*EXERCISE DIRECTIONS*
Look through the material below. Return exactly the lines from the one with "this 850×636 image." through the one with "this 800×533 image.", both included.
** Opening DATA TO USE block **
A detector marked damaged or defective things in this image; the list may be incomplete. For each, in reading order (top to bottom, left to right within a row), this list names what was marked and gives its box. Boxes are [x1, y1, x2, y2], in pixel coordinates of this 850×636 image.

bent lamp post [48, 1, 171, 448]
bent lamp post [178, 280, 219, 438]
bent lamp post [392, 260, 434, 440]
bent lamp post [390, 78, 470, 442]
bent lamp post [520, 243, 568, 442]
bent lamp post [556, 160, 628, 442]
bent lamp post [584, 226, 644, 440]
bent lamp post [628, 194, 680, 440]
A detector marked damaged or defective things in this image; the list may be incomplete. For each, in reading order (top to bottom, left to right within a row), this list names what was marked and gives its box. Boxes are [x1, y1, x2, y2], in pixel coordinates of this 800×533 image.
** Closing DATA TO USE block **
** Opening DATA TO USE block **
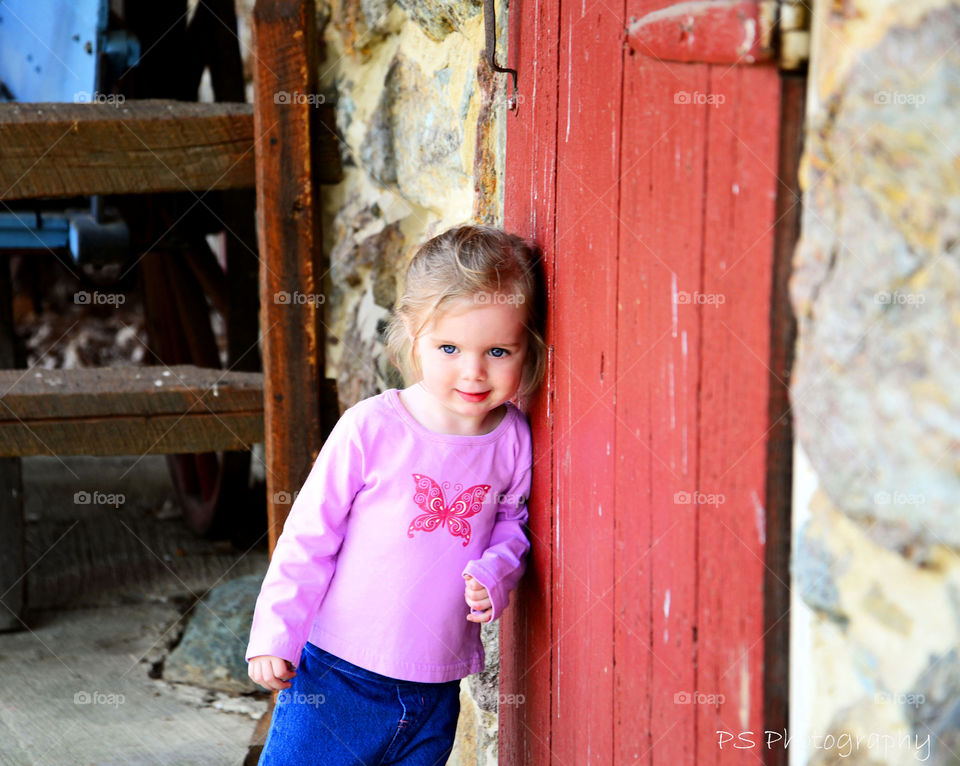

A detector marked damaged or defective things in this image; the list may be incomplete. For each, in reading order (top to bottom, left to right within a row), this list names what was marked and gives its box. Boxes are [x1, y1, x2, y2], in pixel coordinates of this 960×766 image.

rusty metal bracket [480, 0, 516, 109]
** Closing DATA TO USE block **
** Opening DATA TO USE block **
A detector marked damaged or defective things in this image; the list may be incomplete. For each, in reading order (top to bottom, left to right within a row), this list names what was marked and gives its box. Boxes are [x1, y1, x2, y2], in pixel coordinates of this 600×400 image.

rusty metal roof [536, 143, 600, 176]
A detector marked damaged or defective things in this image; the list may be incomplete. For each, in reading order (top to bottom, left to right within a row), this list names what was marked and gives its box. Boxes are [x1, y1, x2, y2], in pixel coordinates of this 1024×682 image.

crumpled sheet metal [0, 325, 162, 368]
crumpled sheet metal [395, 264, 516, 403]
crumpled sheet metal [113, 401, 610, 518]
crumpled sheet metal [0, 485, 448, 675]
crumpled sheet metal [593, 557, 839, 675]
** Closing DATA TO USE block **
*ANSWER TO THIS PROBLEM*
A detector marked damaged or defective things in this image; the list may be incomplete. For each, in reading order (top to bottom, left to right within a row), this list names what was marked and gives its box. Boxes are [x1, y1, x2, y2], in pixel coordinates of this 850×636 image.

bent lamp post [48, 1, 171, 448]
bent lamp post [178, 280, 219, 438]
bent lamp post [392, 260, 434, 440]
bent lamp post [390, 78, 470, 442]
bent lamp post [520, 243, 568, 442]
bent lamp post [556, 160, 628, 442]
bent lamp post [584, 226, 644, 440]
bent lamp post [628, 194, 680, 440]
A detector marked damaged or defective things in this image; the list may be incomplete. For each, in reading order (top to bottom, left to right within a row), this list names what was marked and gives its box. Boxes are [x1, y1, x2, y2], in pixel coordinates of this 800×533 image.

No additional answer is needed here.